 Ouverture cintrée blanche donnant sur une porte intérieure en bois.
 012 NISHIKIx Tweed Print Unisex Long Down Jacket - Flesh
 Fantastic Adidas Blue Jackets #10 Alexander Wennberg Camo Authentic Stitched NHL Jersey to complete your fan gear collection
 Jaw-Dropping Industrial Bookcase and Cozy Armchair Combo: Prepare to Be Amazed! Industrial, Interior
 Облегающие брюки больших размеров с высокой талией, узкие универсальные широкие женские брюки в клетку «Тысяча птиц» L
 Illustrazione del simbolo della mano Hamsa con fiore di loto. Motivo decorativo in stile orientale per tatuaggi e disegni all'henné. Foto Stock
=-=-=
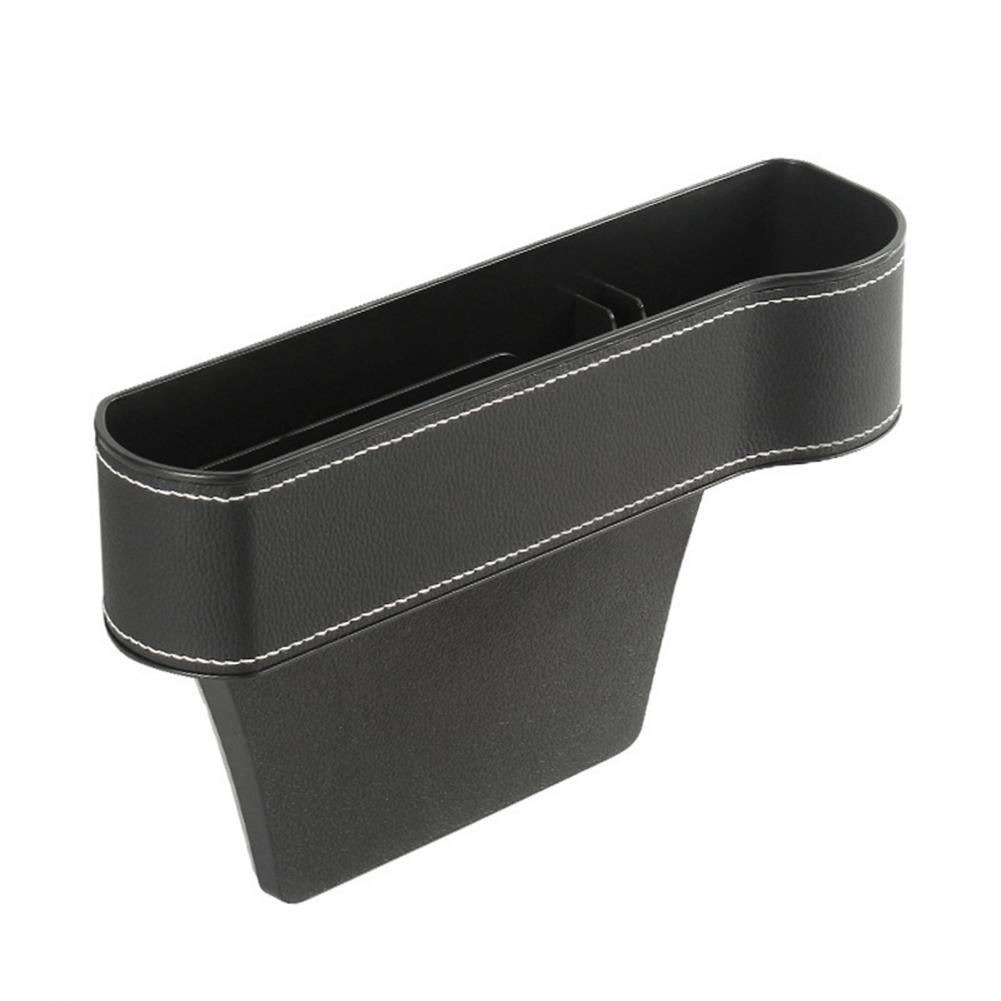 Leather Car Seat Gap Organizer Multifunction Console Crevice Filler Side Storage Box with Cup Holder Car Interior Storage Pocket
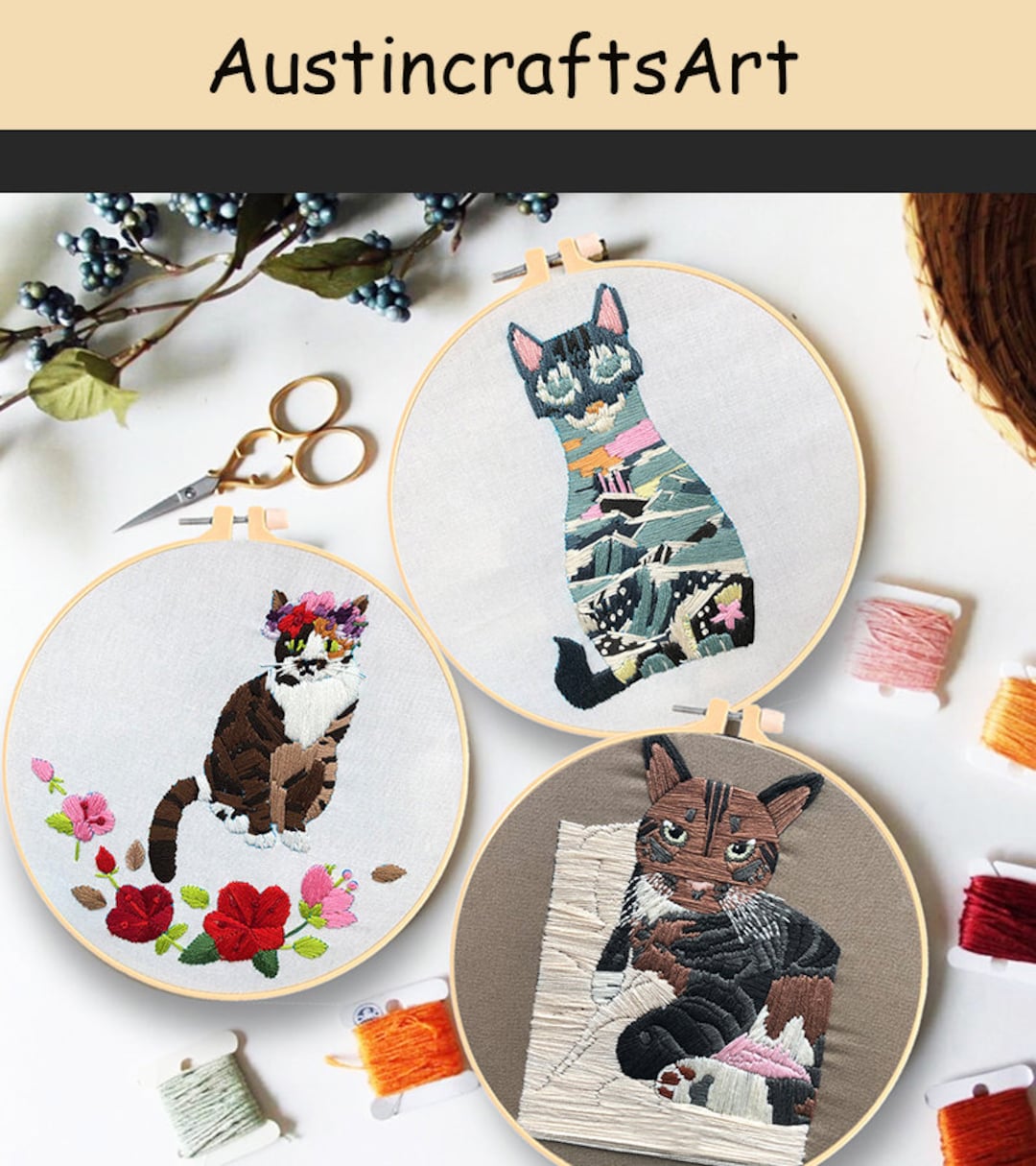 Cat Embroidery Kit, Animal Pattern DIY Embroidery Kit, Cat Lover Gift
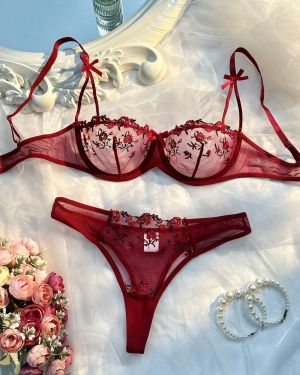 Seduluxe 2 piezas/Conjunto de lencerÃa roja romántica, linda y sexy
=-=-=
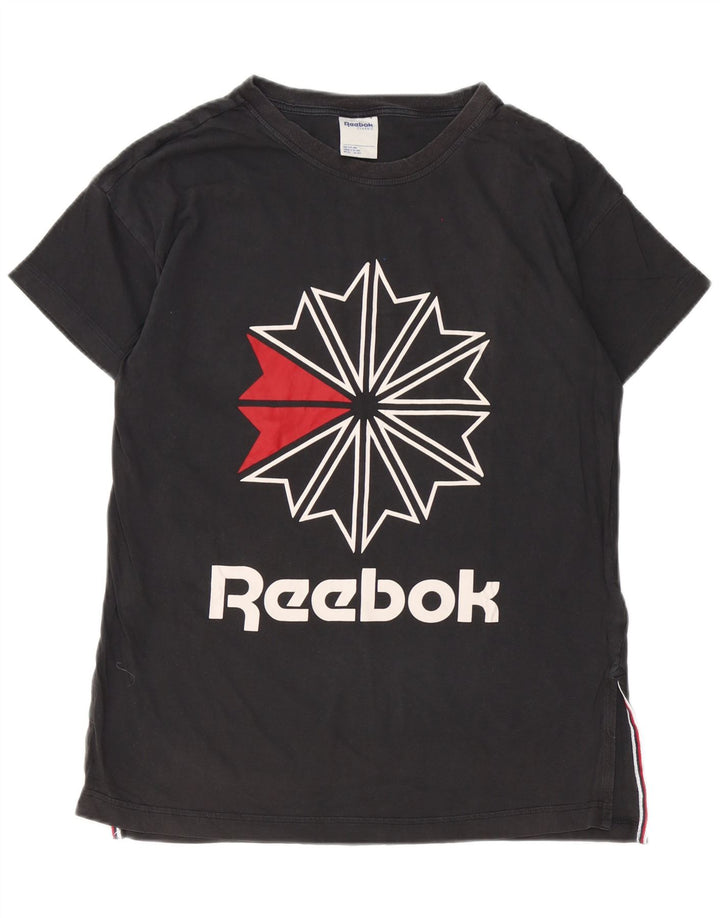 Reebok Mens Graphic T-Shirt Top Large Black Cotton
=-=-=
◆ Exercise aim:
What you return should be exactly the lines above, starting at the one with "Fantastic Adidas Blue" and ending at the one with "Illustrazione del simbolo", and nothing else.

◆ Solution for this exercise:
 Fantastic Adidas Blue Jackets #10 Alexander Wennberg Camo Authentic Stitched NHL Jersey to complete your fan gear collection
 Jaw-Dropping Industrial Bookcase and Cozy Armchair Combo: Prepare to Be Amazed! Industrial, Interior
 Облегающие брюки больших размеров с высокой талией, узкие универсальные широкие женские брюки в клетку «Тысяча птиц» L
 Illustrazione del simbolo della mano Hamsa con fiore di loto. Motivo decorativo in stile orientale per tatuaggi e disegni all'henné. Foto Stock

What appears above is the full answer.